Der neue BfV-Chef Thomas Haldenwang hatte im Dezember eine Personalaufstockung gegen Rechtsextremismus um 50 Prozent angekündigt. „Eine Erosion des Rechtsstaates kann nicht durch eine einseitig verstärkte Fokussierung auf Rechtsextremismus verhindert werden“, heißt es dazu im AfD-Antrag, den Hess federführend erarbeitet hat. 

Erwartungsgemäß beklagt die AfD die zunehmende Gewalt gegen ihre Mandatsträger, zuletzt gegen den Bremer Bundestagsabgeordneten Frank Magnitz, der Anfang vergangener Woche von Unbekannten brutal zusammengeschlagen worden war. Der Anschlag auf das Wahlkreisbüro im sächsischen Döbeln zu Jahresbeginn sei eine „weitere Eskalationsstufe“.

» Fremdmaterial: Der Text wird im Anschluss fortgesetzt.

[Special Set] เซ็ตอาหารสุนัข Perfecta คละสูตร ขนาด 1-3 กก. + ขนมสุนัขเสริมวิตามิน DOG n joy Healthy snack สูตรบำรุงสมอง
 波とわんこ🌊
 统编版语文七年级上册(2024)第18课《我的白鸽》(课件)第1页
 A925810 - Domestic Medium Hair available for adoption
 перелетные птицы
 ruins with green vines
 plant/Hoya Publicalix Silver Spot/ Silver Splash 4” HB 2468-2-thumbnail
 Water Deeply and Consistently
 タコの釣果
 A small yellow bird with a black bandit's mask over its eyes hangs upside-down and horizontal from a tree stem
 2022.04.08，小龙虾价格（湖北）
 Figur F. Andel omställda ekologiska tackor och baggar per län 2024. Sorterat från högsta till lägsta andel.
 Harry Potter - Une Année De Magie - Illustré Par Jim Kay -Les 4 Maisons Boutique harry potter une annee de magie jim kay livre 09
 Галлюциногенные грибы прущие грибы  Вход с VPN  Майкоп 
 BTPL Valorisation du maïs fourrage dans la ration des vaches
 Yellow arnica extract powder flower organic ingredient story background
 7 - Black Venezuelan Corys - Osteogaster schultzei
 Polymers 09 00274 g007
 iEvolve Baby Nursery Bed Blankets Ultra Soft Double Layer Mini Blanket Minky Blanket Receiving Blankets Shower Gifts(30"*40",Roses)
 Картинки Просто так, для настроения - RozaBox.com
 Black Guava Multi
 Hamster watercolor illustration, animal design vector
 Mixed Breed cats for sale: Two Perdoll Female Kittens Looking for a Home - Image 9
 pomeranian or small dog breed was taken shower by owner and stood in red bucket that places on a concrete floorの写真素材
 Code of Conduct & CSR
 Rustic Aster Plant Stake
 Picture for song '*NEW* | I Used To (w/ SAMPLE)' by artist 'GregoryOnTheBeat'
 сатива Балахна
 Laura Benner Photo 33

Nach Angaben von Hess wurden 2017 insgesamt 1.967 links- und 1.130 rechtsmotivierte Straftaten registriert. Für das vergangene Jahr liegen noch keine amtlichen Zahlen vor. Parallel dazu sei laut Verfassungsschutzbericht 2017 die Zahl linksradikaler Straftäter gestiegen. 29.500 Personen und damit vier Prozent mehr gegenüber dem Vorjahr seien vom Verfassungsschutz dem Linksextremismus zugeordnet worden, 31 Prozent würden als „gewaltorientiert“ eingestuft. 

Die AfD-Bundestagsfraktion dringt deshalb auf eine vertiefte Prüfung von Vereinsverboten und nennt insbesondere die „Nachfolgeplattformen der verbotenen Plattform ‘linksunten.indymedia.org’ wie ‘de.indymedia.org’ sowie die sogenannte ‘Interventionistische Linke’ (IL). Außerdem solle eine mit Sicherheitsexperten und Linksextremismusforschern besetzte Kommission Strategien entwickeln, wie „einer zunehmenden Salonfähigkeit von Linksextremismus entgegengewirkt werden kann“. Des weiteren hält die AfD eine „kritische Prüfung“ der vom Bund geförderten Programme und Organisationen, „die mittelbar Linksextremismus fördern“, für nötig. Die „Salonfähigkeit“ von Linksextremisten erklärte Hess im JF-Gespräch mit einer fehlenden Distanzierung von Politikern der SPD, Grünen und Linken gegenüber der Antifa. So hätten deren Fraktionen Parlamentspräsident Wolfgang Schäuble (CDU) keinen Beifall gespendet, als dieser sich im Bundestag gegen Links- und Rechtsextremismus ausgesprochen hatte.

Einen Schwerpunkt legt der Antrag auf die Berufsgruppe der Polizisten, die immer stärker von linksextremistischen Gewalttaten betroffen würden. Zitiert werden unter anderem Indymedia-Botschaften, in denen offen zu Gewalt gegen Polizisten aufgerufen wird: „Die durch die Stadt streifenden Schweine sind für uns nichts weiter als verachtenswerte Subjekte, denen wir, solange wir die Mittel und Selbstbestimmtheit dazu haben, ihre Streifenfahrt zur Gefahr werden lassen.“ 

Zudem gingen Linksextremisten verstärkt dazu über, Polizisten zu fotografieren und deren Bilder ins Internet zu stellen. „Wir freuen uns über Hinweise, wo sie wohnen oder privat anzutreffen sind“, zitiert der Antrag einen weiteren Aufruf.